═════ DATA EXCERPT ═════
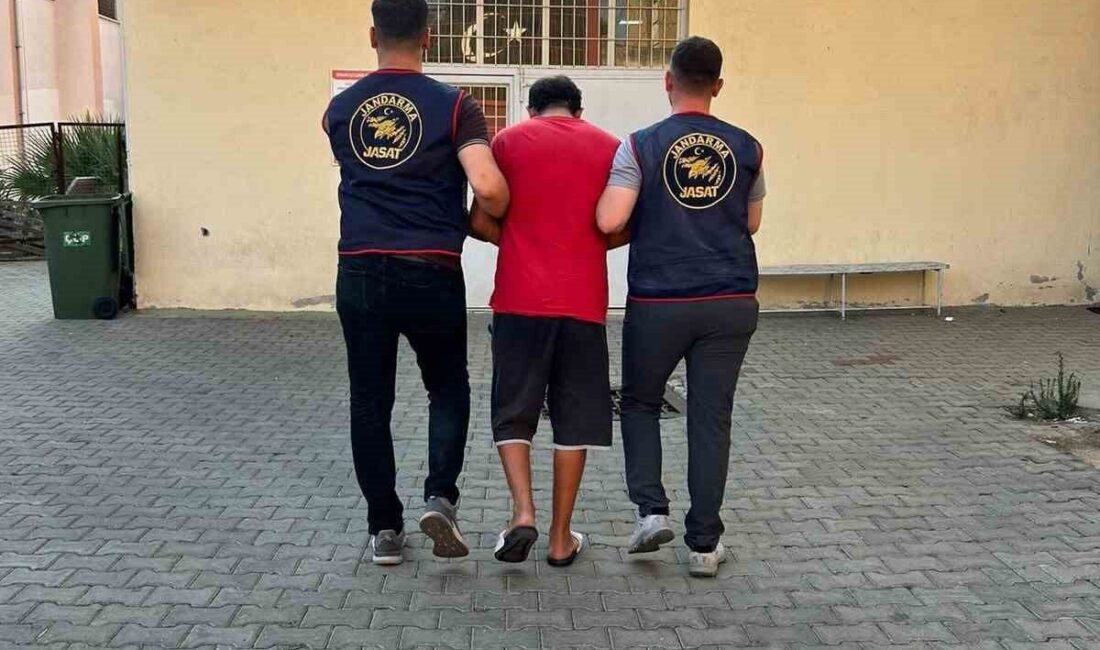 Aydın ilinde 23 yıl 2 ay hapis cezasıyla aranan bir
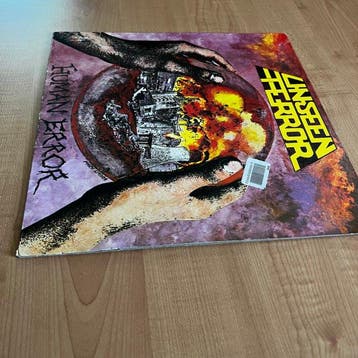 Unseen Terror - Human Error - Vinylplaat - 1987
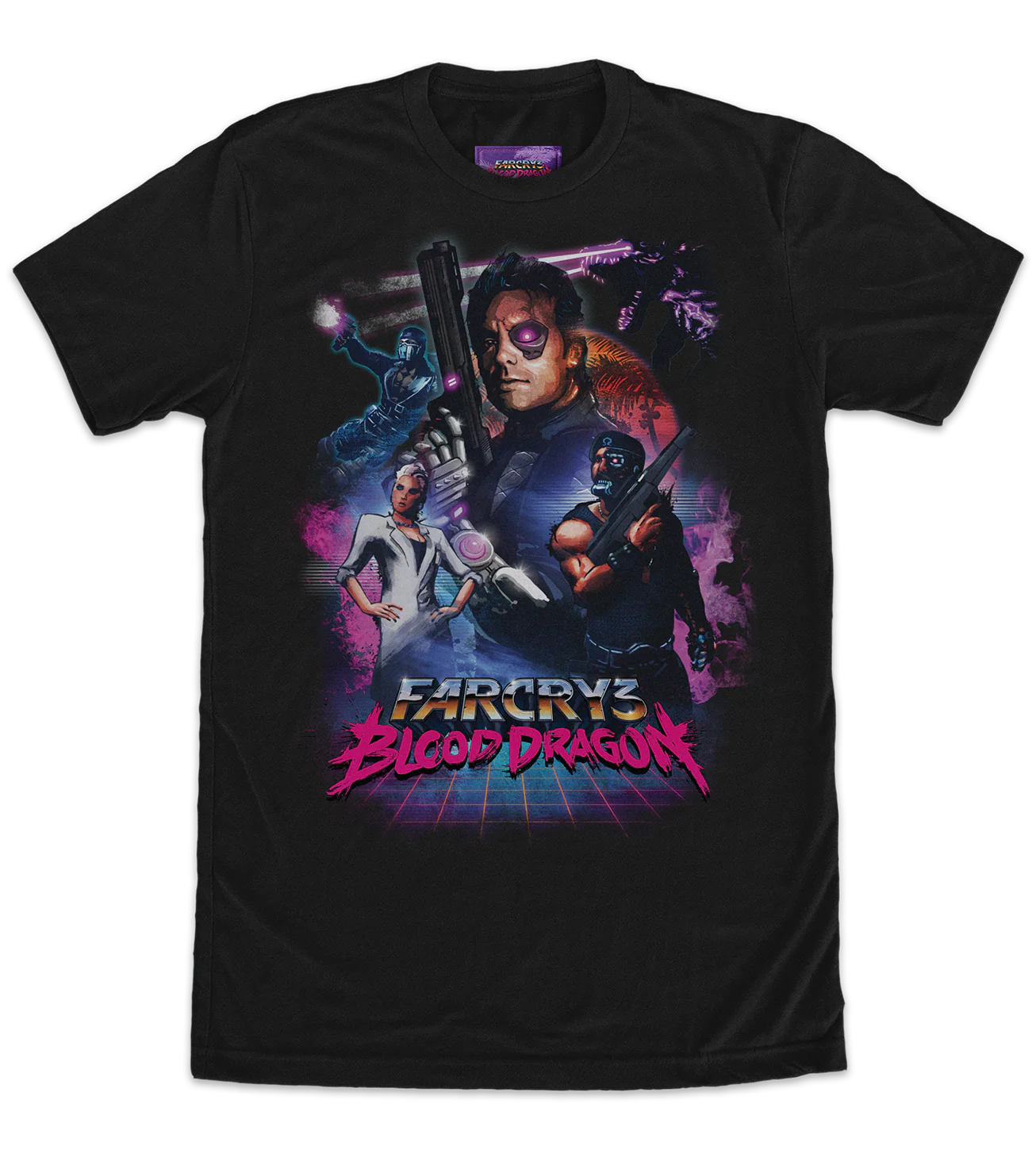 Far Cry 3 - Blood Dragon T-Shirt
═════
== HOW TO COMPLETE THIS TASK ==
From the first line to the last, write out the data above exactly. Omit the pictures.

== RESULT BELOW ==
 Aydın ilinde 23 yıl 2 ay hapis cezasıyla aranan bir
 Unseen Terror - Human Error - Vinylplaat - 1987
 Far Cry 3 - Blood Dragon T-Shirt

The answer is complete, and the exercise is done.